→ TRY IT
These records are to be written out exactly as they read, minus the pictures.

(Short text fragments from websites)
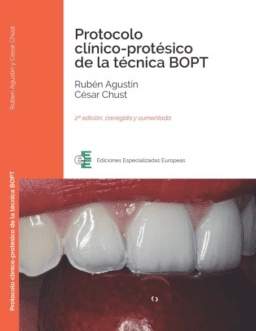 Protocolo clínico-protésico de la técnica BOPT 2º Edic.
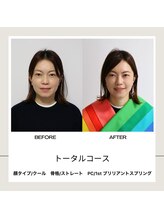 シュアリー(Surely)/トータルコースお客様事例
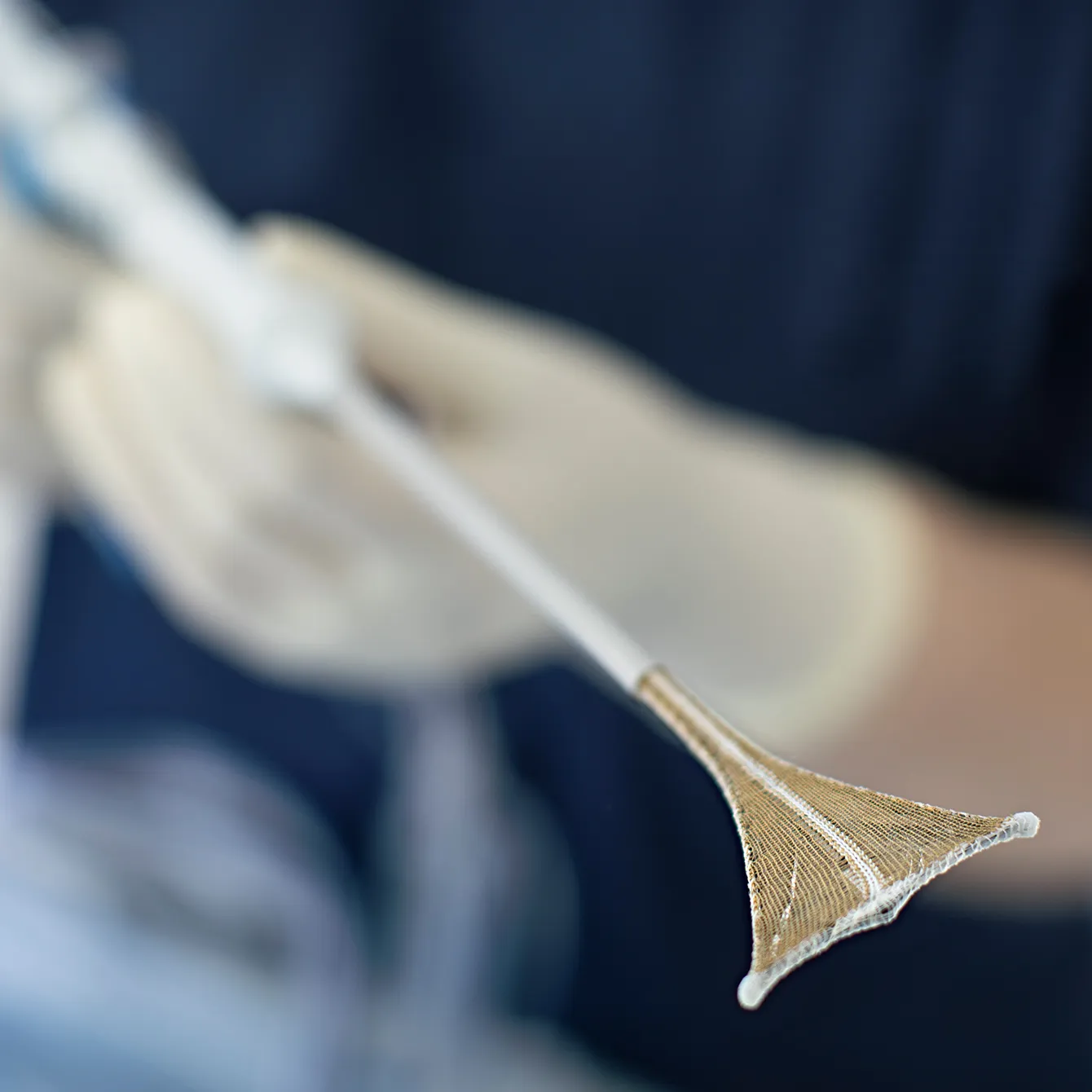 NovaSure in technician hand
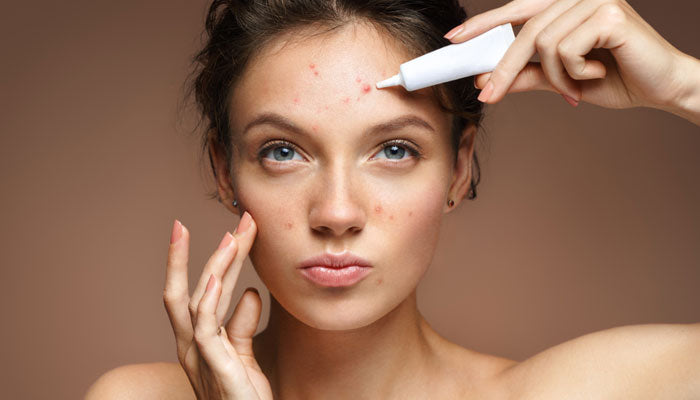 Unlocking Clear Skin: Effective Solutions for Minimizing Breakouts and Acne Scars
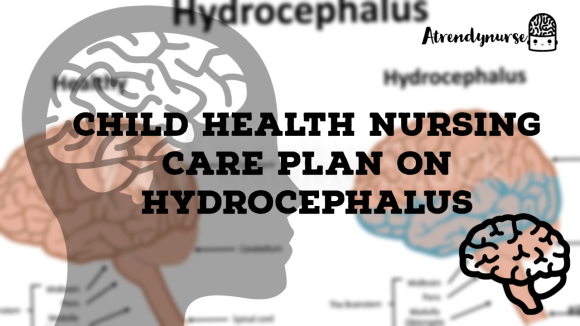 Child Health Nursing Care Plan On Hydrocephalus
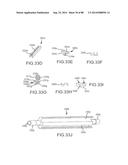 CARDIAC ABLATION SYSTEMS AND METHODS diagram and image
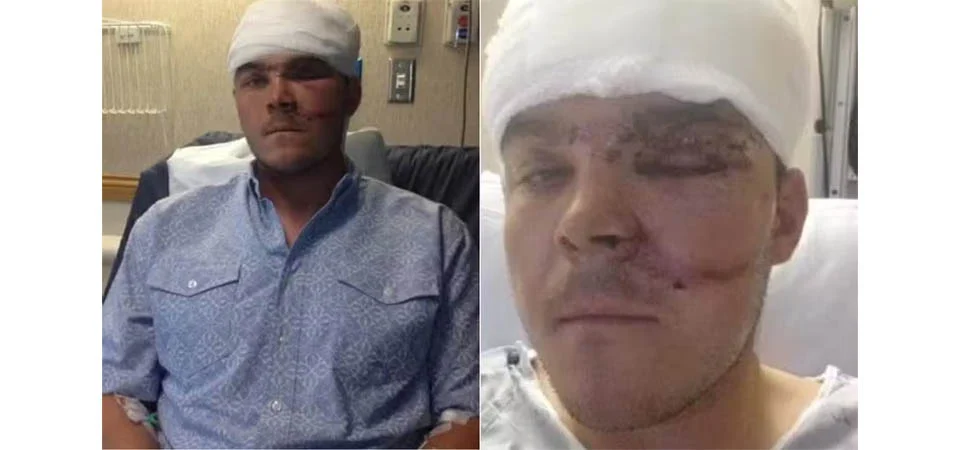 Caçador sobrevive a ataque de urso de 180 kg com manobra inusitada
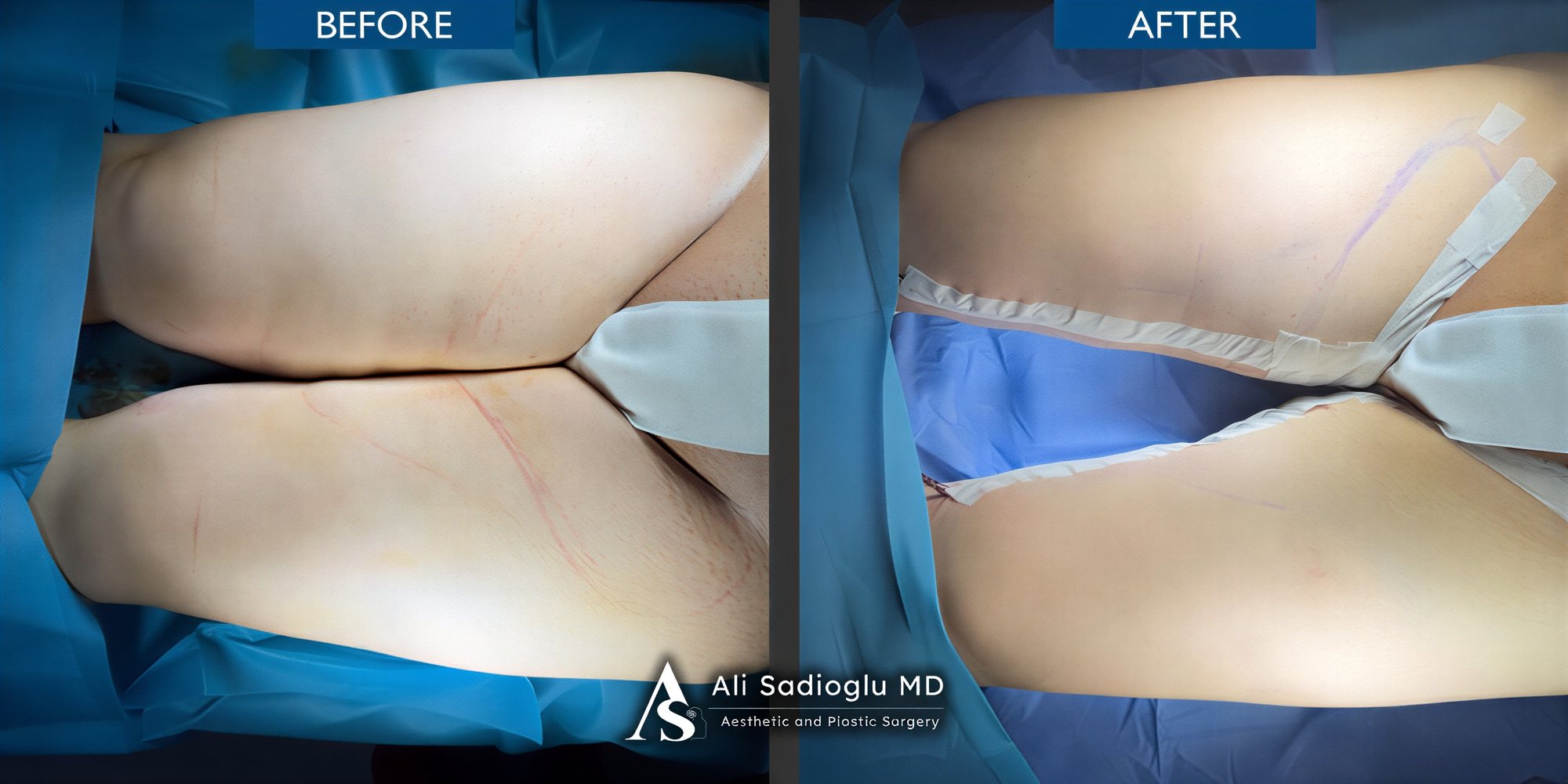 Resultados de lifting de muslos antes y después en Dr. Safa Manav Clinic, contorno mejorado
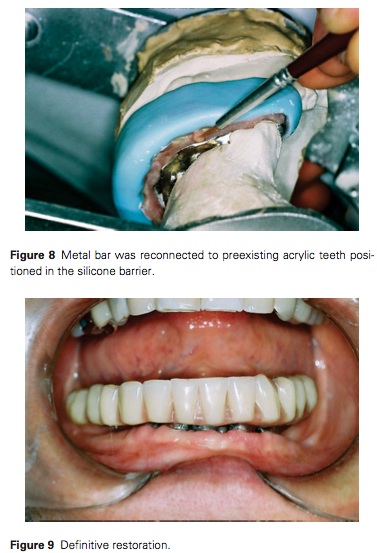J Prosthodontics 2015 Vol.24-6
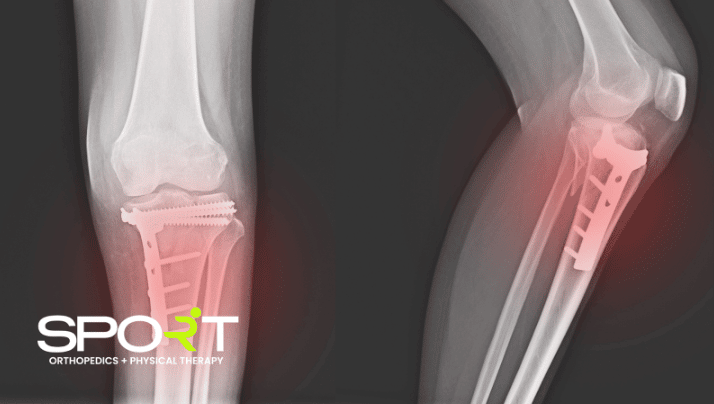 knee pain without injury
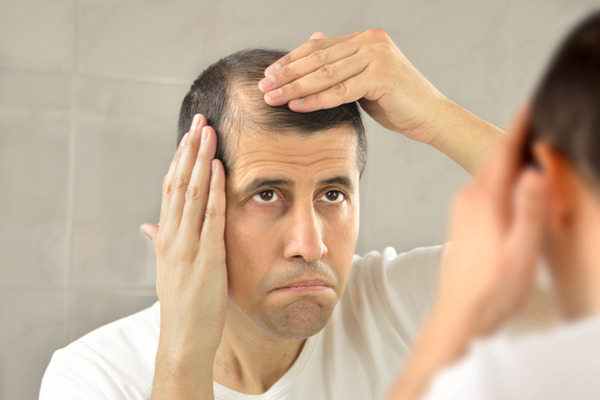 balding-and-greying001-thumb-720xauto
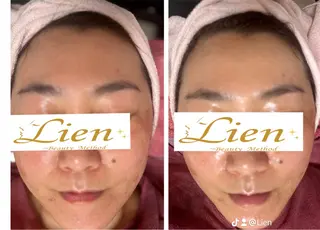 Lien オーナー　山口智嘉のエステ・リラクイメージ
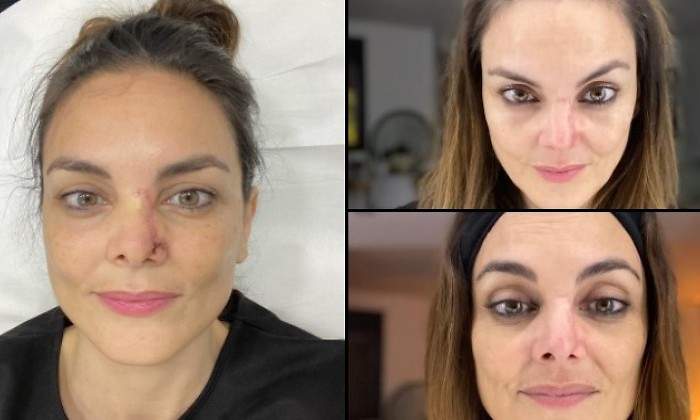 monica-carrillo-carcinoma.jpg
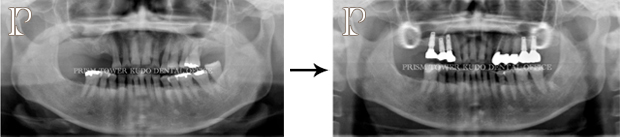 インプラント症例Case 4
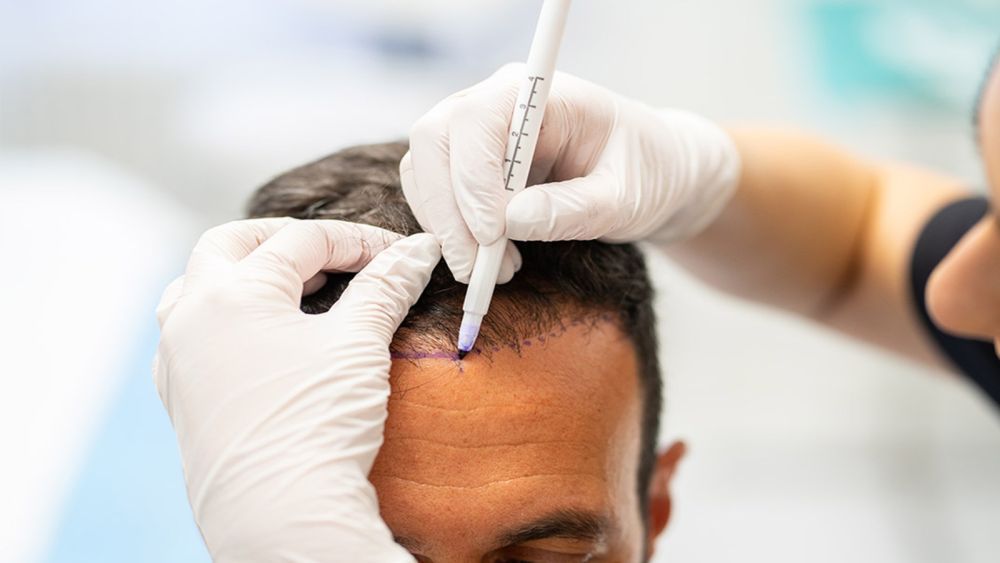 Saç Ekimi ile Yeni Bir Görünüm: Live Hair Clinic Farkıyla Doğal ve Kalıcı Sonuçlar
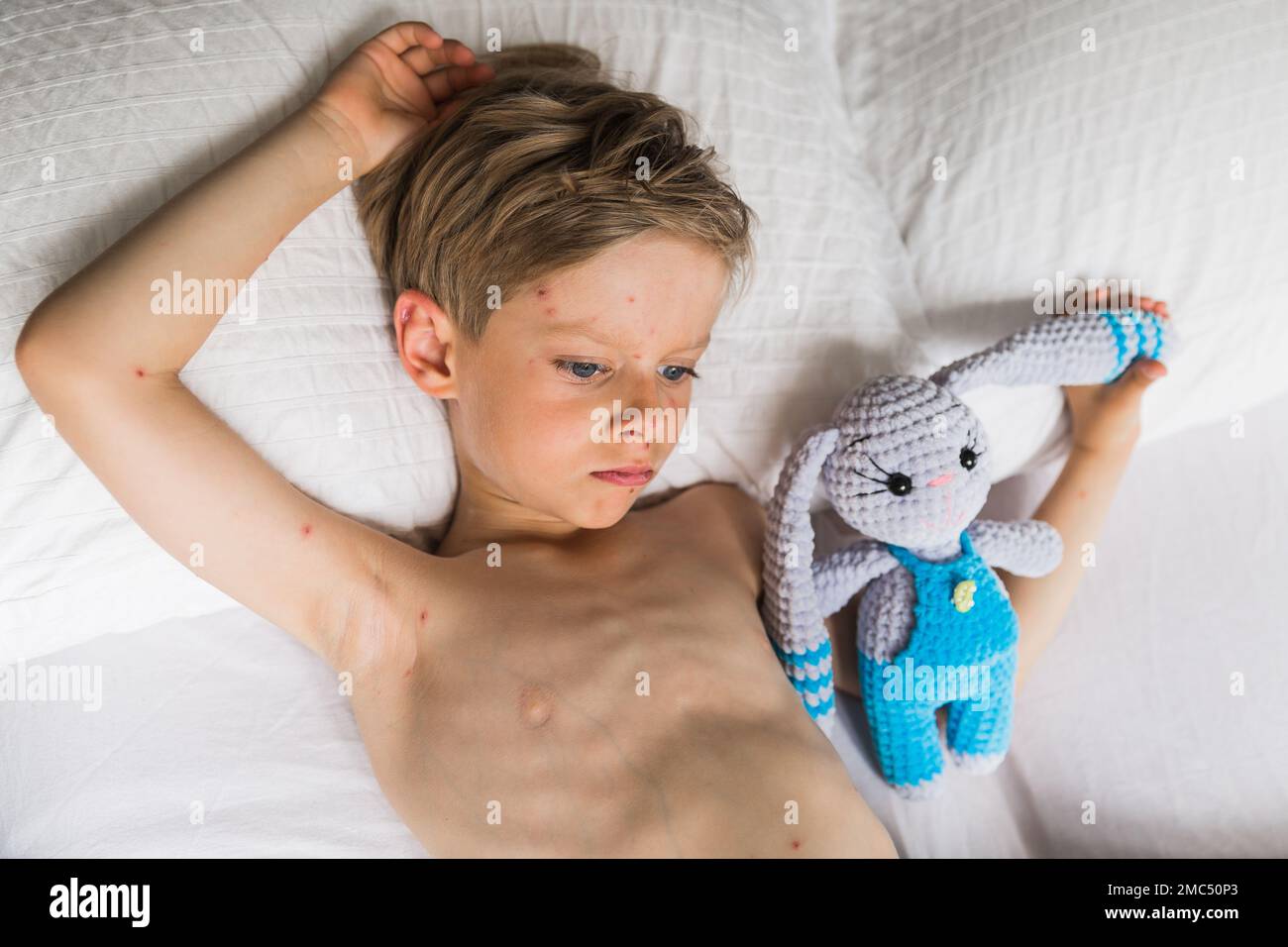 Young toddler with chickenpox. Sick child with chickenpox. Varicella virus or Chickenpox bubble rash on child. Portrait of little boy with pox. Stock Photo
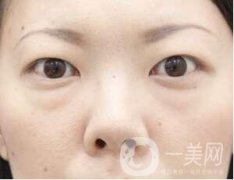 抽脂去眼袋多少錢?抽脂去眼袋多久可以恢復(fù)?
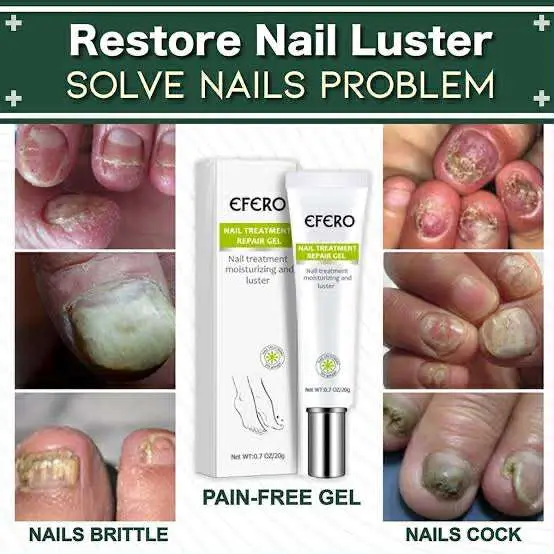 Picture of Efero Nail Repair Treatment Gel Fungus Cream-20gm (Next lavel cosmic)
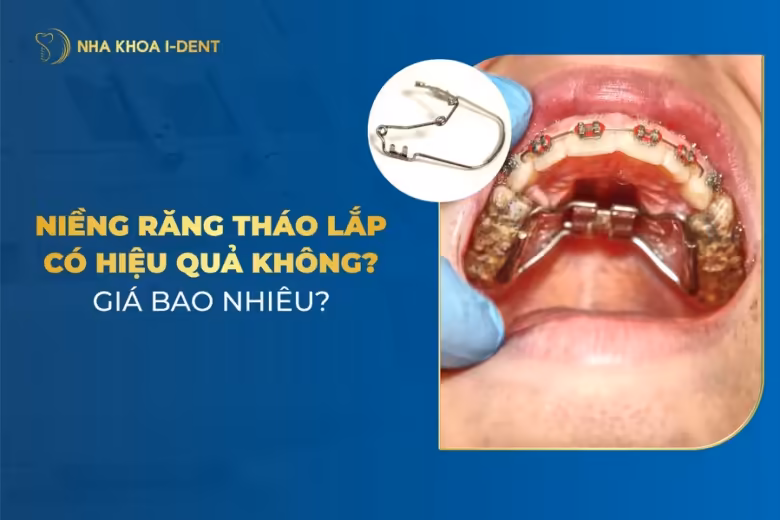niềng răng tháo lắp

→ ANSWER TO THIS EXERCISE
 Protocolo clínico-protésico de la técnica BOPT 2º Edic.
 シュアリー(Surely)/トータルコースお客様事例
 NovaSure in technician hand
 Unlocking Clear Skin: Effective Solutions for Minimizing Breakouts and Acne Scars
 Child Health Nursing Care Plan On Hydrocephalus
 CARDIAC ABLATION SYSTEMS AND METHODS diagram and image
 Caçador sobrevive a ataque de urso de 180 kg com manobra inusitada
 Resultados de lifting de muslos antes y después en Dr. Safa Manav Clinic, contorno mejorado
J Prosthodontics 2015 Vol.24-6
 knee pain without injury
 balding-and-greying001-thumb-720xauto
 Lien オーナー　山口智嘉のエステ・リラクイメージ
 monica-carrillo-carcinoma.jpg
 インプラント症例Case 4
 Saç Ekimi ile Yeni Bir Görünüm: Live Hair Clinic Farkıyla Doğal ve Kalıcı Sonuçlar
 Young toddler with chickenpox. Sick child with chickenpox. Varicella virus or Chickenpox bubble rash on child. Portrait of little boy with pox. Stock Photo
 抽脂去眼袋多少錢?抽脂去眼袋多久可以恢復(fù)?
 Picture of Efero Nail Repair Treatment Gel Fungus Cream-20gm (Next lavel cosmic)
niềng răng tháo lắp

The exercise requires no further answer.